— Listed records —
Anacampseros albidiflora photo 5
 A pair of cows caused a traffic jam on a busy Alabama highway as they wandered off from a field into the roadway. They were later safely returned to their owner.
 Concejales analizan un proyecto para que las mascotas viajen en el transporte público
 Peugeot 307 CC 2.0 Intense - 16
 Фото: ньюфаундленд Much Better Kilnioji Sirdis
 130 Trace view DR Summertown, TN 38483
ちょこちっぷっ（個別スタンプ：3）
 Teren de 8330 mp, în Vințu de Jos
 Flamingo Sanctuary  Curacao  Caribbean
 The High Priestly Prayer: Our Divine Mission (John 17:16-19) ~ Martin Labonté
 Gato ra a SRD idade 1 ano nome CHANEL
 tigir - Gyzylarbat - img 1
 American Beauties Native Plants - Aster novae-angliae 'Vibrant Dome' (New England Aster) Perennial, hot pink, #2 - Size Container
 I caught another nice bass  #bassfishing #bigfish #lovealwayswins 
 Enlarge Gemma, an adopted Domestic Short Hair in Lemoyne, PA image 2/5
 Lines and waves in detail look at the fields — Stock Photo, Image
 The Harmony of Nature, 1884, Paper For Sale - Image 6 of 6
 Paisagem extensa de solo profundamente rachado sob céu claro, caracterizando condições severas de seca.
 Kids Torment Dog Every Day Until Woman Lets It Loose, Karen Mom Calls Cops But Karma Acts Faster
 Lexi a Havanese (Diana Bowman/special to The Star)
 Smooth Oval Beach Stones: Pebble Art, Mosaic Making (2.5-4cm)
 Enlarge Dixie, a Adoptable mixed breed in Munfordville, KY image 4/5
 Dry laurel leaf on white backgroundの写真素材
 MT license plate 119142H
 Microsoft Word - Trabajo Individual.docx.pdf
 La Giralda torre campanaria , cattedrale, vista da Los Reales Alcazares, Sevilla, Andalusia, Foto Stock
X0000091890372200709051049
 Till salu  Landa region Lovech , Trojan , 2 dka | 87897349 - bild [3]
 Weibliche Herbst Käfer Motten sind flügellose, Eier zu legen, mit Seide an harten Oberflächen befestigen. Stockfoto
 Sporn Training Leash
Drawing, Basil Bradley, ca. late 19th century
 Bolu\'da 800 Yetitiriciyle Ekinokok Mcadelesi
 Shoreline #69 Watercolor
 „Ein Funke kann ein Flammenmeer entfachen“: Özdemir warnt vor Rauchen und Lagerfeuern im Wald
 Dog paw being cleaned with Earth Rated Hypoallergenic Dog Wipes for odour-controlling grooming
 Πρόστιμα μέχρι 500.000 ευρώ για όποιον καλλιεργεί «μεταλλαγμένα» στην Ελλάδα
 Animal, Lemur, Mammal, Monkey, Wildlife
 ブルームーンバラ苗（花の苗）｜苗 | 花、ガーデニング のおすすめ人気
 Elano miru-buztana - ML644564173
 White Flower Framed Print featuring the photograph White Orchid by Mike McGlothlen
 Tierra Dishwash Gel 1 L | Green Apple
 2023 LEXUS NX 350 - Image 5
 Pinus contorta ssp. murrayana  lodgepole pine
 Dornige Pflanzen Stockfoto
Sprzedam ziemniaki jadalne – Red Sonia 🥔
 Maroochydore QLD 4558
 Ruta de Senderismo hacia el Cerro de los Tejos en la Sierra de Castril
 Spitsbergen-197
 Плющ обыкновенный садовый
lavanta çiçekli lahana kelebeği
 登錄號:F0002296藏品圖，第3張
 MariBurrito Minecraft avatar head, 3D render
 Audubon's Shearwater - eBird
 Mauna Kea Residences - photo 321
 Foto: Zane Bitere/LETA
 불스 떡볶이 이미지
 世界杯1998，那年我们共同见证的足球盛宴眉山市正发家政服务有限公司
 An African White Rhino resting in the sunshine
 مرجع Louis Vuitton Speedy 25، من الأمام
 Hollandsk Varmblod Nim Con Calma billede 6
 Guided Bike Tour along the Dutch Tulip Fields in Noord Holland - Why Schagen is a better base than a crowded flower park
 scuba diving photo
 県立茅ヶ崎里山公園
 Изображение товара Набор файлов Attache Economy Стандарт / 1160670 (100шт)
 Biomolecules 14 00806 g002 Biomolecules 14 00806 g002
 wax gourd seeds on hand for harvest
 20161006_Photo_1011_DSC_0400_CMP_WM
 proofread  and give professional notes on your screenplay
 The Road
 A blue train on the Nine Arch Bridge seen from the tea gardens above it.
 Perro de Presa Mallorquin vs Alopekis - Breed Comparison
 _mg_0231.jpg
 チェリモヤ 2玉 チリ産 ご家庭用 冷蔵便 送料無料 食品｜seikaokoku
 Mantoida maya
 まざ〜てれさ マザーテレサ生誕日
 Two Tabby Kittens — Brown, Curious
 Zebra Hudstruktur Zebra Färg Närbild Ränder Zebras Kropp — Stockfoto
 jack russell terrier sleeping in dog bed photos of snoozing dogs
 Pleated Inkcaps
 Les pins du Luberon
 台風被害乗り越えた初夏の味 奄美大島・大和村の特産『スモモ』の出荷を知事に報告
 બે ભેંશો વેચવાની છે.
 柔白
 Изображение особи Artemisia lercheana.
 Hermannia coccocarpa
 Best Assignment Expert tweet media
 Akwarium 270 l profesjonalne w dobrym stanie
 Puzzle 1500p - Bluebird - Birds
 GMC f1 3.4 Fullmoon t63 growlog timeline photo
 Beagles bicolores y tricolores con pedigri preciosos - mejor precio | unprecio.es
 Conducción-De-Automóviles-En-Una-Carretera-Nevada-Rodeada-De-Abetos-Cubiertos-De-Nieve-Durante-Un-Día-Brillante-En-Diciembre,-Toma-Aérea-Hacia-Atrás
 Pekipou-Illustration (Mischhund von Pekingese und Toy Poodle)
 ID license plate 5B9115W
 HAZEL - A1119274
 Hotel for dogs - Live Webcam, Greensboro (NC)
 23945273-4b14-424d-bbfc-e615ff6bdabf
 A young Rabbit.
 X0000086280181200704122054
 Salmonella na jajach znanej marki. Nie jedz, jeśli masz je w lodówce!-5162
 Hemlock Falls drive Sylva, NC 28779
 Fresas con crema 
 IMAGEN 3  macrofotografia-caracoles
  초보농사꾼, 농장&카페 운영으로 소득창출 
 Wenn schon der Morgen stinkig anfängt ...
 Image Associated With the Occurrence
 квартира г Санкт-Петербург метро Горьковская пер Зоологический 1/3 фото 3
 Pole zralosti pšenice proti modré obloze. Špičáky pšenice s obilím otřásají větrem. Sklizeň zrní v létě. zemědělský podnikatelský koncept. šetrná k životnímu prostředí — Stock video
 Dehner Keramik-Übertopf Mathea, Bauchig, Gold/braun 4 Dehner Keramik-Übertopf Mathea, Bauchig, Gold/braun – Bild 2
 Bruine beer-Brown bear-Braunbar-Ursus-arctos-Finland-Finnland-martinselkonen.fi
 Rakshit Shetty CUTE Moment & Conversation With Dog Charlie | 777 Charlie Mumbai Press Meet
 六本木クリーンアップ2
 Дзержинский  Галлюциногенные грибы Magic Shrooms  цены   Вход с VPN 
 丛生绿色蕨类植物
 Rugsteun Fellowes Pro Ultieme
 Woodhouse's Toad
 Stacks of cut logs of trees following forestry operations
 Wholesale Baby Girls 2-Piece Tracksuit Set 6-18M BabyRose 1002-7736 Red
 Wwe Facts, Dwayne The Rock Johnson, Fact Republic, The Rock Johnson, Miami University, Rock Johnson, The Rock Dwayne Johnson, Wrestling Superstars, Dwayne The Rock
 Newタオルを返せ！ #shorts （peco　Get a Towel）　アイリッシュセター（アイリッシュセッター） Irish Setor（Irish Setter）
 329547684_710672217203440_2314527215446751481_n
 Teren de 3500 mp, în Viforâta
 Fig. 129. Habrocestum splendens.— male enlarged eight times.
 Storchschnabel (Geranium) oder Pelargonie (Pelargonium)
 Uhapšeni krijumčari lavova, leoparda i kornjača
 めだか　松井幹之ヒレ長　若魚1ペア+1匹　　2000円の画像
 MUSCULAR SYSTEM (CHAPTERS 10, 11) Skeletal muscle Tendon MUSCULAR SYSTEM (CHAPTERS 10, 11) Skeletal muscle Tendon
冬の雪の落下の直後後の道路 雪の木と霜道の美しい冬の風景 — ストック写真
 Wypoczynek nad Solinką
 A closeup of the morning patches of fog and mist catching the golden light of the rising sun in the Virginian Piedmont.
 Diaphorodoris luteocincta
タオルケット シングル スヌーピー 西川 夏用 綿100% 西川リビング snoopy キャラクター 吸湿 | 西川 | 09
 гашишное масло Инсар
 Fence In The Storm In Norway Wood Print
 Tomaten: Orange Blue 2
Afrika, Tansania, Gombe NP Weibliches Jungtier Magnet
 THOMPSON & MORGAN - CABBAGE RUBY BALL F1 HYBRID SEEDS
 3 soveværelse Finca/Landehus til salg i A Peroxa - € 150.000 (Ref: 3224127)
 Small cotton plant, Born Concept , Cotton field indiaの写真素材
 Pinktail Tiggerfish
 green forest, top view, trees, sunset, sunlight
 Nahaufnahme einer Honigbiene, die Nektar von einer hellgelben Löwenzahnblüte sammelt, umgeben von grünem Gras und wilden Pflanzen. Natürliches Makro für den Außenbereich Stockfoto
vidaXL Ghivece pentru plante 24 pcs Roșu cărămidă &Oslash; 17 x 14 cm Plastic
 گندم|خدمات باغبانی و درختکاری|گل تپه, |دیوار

— Assigned task —
Work through the entries, filtering for the string "plate", and copy each line that holds it.

— Finished task —
 MT license plate 119142H
 ID license plate 5B9115W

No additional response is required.